In most organizations, performance evaluation is done annually. Too often, however, the executive must remind the board of this responsibility; in some cases, the executive even provides the evaluation structure and process. This puts the executive in the awkward position of guiding his or her boss. The effective board embraces the responsibility of conducting an annual performance evaluation of its chief executive and develops the systems to do so efficiently.
Because the chief executive is so integrally linked to the success of the organization, it makes sense to tie his or her annual performance evaluation to organizational performance. Therefore, it is critical that the executive’s goals are explicitly stated, rather than simply implied by the strategic plan.
Explicit, mutually developed goals enable the board and its executive to define successful performance for both the executive and the organization, whereas implied goals fail to promote a shared understanding of success or achievement.
How to get started
A simple evaluation process is better than no evaluation process, so the board should start with the basics of setting mutually agreed-upon goals with its chief executive.
The goals should involve measurable, observable behaviors linked to the goals of the organization. Measurable goals ensure that everyone is on the same page about what success looks like; they remove guesswork and perceptions about personality or personal style from the discussion. Once measurable, observable goals are determined, they should be documented and included in the executive’s personnel file.
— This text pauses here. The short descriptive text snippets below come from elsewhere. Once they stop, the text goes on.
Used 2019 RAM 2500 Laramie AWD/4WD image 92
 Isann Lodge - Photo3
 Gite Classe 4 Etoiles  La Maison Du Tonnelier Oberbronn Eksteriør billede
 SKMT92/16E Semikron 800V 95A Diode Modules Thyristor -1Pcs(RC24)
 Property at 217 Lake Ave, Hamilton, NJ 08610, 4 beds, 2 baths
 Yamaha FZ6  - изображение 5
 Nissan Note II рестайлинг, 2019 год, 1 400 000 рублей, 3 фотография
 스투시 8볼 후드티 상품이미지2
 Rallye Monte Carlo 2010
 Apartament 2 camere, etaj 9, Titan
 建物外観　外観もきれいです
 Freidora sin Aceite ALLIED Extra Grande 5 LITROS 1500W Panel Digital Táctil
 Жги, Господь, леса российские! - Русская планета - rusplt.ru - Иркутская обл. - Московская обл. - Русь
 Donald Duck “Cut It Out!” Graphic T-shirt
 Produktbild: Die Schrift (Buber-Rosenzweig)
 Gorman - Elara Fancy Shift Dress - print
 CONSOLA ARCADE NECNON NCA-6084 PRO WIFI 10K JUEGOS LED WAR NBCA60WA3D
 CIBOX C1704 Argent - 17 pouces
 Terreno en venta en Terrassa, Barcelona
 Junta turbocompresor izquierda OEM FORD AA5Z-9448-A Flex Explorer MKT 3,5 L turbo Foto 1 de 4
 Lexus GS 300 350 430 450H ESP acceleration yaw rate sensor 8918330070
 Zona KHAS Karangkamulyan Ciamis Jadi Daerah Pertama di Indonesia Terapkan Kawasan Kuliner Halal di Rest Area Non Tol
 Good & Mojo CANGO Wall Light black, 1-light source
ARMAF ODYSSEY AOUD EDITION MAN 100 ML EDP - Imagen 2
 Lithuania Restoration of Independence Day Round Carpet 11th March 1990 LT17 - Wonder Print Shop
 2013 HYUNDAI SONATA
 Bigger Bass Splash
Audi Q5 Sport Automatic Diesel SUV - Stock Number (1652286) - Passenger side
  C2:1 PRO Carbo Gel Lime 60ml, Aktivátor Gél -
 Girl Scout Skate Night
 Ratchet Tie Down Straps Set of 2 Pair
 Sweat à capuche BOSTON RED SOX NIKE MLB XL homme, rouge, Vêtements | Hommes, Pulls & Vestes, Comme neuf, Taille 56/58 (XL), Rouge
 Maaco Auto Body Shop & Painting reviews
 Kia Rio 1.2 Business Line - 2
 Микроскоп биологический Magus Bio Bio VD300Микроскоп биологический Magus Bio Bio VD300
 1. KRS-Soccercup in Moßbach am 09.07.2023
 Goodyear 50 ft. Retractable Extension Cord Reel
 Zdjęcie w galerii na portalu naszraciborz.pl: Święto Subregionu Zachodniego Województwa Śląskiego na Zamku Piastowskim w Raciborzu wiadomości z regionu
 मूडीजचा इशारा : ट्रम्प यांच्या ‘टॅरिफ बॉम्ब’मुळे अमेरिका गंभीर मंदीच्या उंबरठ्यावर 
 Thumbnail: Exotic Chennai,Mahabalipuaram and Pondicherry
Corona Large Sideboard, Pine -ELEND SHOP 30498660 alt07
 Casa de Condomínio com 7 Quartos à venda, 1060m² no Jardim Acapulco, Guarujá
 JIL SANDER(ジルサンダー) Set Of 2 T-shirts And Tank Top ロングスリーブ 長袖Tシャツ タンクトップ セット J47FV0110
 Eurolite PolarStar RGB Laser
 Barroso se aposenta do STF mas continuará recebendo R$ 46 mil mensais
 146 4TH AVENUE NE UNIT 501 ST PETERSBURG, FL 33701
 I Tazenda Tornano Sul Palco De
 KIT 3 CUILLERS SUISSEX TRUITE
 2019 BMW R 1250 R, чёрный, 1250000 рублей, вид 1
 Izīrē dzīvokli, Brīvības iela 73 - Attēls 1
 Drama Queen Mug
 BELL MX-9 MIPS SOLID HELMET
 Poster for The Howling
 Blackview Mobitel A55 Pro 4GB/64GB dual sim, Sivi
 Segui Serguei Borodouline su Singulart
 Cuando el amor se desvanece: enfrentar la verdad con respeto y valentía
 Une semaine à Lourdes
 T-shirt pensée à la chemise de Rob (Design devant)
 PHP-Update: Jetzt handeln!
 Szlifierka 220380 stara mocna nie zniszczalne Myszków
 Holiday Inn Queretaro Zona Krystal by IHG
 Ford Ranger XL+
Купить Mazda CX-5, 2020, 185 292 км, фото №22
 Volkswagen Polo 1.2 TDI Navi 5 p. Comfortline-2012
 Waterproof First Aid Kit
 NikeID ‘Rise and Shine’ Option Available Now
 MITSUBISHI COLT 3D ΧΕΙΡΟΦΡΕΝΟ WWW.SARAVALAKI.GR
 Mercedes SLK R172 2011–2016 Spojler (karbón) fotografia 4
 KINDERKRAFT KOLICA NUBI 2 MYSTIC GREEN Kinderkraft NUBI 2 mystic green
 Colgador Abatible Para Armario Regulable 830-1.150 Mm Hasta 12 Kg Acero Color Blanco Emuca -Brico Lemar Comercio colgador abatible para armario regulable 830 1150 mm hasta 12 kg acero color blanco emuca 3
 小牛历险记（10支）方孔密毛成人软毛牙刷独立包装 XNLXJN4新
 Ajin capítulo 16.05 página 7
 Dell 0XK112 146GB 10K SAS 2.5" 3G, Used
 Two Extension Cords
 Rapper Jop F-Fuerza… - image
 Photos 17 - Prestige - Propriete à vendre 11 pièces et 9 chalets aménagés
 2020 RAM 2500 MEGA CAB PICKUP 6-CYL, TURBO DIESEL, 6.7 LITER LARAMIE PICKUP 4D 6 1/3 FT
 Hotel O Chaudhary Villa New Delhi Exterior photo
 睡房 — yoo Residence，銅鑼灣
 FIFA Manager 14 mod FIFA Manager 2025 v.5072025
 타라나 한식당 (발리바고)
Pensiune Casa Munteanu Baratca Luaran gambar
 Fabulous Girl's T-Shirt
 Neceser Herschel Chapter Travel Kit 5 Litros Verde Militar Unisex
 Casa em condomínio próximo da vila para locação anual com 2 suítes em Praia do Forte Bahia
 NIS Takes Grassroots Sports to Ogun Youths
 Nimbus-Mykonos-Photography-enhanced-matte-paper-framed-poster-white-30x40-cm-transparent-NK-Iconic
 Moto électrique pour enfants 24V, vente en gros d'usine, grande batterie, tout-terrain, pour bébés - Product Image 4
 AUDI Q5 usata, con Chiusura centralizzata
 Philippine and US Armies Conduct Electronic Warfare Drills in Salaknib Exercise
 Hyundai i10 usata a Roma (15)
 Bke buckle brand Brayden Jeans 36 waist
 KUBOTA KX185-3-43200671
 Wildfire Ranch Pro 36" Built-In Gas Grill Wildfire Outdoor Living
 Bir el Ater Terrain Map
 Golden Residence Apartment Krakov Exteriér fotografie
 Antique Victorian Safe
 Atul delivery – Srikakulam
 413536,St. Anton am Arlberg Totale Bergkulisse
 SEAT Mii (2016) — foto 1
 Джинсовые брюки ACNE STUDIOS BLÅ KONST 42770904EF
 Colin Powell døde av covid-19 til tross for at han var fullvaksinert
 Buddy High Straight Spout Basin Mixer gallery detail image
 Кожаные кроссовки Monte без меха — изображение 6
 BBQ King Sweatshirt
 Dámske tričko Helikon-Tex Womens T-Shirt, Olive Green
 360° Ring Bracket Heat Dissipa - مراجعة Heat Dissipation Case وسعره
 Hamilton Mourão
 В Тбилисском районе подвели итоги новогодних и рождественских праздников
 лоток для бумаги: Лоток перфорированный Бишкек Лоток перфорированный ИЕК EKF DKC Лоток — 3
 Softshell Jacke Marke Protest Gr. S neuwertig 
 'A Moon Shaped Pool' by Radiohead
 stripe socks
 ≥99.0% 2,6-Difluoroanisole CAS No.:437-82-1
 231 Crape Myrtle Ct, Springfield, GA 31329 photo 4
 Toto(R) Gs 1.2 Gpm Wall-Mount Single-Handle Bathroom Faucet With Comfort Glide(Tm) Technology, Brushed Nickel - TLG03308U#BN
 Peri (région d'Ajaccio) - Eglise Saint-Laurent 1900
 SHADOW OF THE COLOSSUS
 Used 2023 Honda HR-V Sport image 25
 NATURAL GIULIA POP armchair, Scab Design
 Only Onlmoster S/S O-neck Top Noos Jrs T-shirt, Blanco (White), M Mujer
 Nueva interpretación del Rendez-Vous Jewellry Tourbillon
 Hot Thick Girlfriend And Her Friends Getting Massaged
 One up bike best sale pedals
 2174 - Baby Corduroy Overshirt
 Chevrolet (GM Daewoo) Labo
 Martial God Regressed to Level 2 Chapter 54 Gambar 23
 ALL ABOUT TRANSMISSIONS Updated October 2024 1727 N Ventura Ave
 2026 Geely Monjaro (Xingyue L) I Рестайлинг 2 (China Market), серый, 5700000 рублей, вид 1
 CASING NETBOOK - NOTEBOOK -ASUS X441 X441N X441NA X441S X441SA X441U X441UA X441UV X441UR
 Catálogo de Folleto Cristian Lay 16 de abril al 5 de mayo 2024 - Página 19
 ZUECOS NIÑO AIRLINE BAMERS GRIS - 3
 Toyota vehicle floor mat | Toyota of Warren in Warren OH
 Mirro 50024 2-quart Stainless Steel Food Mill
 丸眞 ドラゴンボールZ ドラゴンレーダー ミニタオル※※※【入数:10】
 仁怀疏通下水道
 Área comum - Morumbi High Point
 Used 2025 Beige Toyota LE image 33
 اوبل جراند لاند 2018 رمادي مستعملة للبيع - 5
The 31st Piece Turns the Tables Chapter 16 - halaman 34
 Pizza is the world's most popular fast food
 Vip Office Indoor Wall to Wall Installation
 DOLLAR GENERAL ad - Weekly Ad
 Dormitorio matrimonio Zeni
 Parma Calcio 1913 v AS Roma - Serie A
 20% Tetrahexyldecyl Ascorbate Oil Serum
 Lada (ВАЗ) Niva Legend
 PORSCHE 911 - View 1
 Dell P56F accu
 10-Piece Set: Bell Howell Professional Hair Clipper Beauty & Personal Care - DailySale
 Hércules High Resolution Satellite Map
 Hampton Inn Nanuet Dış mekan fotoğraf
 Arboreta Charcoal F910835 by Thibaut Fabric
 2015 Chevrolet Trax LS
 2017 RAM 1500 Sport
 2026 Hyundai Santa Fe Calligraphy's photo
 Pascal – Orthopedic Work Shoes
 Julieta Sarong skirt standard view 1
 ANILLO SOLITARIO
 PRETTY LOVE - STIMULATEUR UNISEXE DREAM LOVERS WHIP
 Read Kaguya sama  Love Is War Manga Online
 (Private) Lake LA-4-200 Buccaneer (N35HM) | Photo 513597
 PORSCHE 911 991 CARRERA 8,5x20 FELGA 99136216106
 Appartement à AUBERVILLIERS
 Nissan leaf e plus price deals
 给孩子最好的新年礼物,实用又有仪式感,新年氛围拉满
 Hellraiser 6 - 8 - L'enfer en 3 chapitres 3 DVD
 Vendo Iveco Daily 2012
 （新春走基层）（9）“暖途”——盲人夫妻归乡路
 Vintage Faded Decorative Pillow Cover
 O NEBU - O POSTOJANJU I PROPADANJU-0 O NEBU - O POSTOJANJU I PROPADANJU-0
When it is time for evaluation, the board should evaluate the chief executive on his or her performance in achieving the stated goals. Evaluations are often handled by the executive committee with input from the full board. Boards often ask the chief executive to conduct a self-evaluation as part of the process. Before the evaluation, the board should determine the process it will use.
The process should provide an opportunity for discussion and reflection on lessons learned from the year’s successes as well as its failures. Evaluations that do not promote reflection and learning are a missed opportunity to develop staff skills and build the organization’s capacity.
As the board and executive set goals for the next evaluation period, the board must be clear about areas in which performance improvement is needed. In some cases, the board might work with the executive to develop a performance remediation plan. Once again, goals for performance improvement must be clear, measurable and related to observable behaviors. If the need for performance improvement is critical, the evaluation period can be shortened from the standard annual review to a six-month or even three-month time period.
Once the board has an evaluation system in place, it should not overlook the need to provide regular feedback to the executive throughout the year. Like any employee, chief executives need recognition for jobs well done, encouragement with more complex tasks and immediate feedback when things aren’t going well. It’s critical that the board president and executive committee have a strong enough relationship with the executive to provide feedback and support when appropriate.
With less seasoned executives or for larger-scale projects, it may be helpful for the board president or executive committee to check in more frequently on the executive’s progress toward annual goals. This may be a way to provide support to the executive and his or her growth as a professional. Naturally, the board should take care that this doesn’t drift into micromanagement or convey a lack of confidence in the executive.
Performance evaluations are often avoided because they may involve difficult conversations or because the evaluation process seems time-consuming and daunting. The effective board uses evaluations as an opportunity to strengthen its relationship with its chief executive, to develop staff skills and build the organization’s capacity, and to align the executive’s work with the goals of the organization.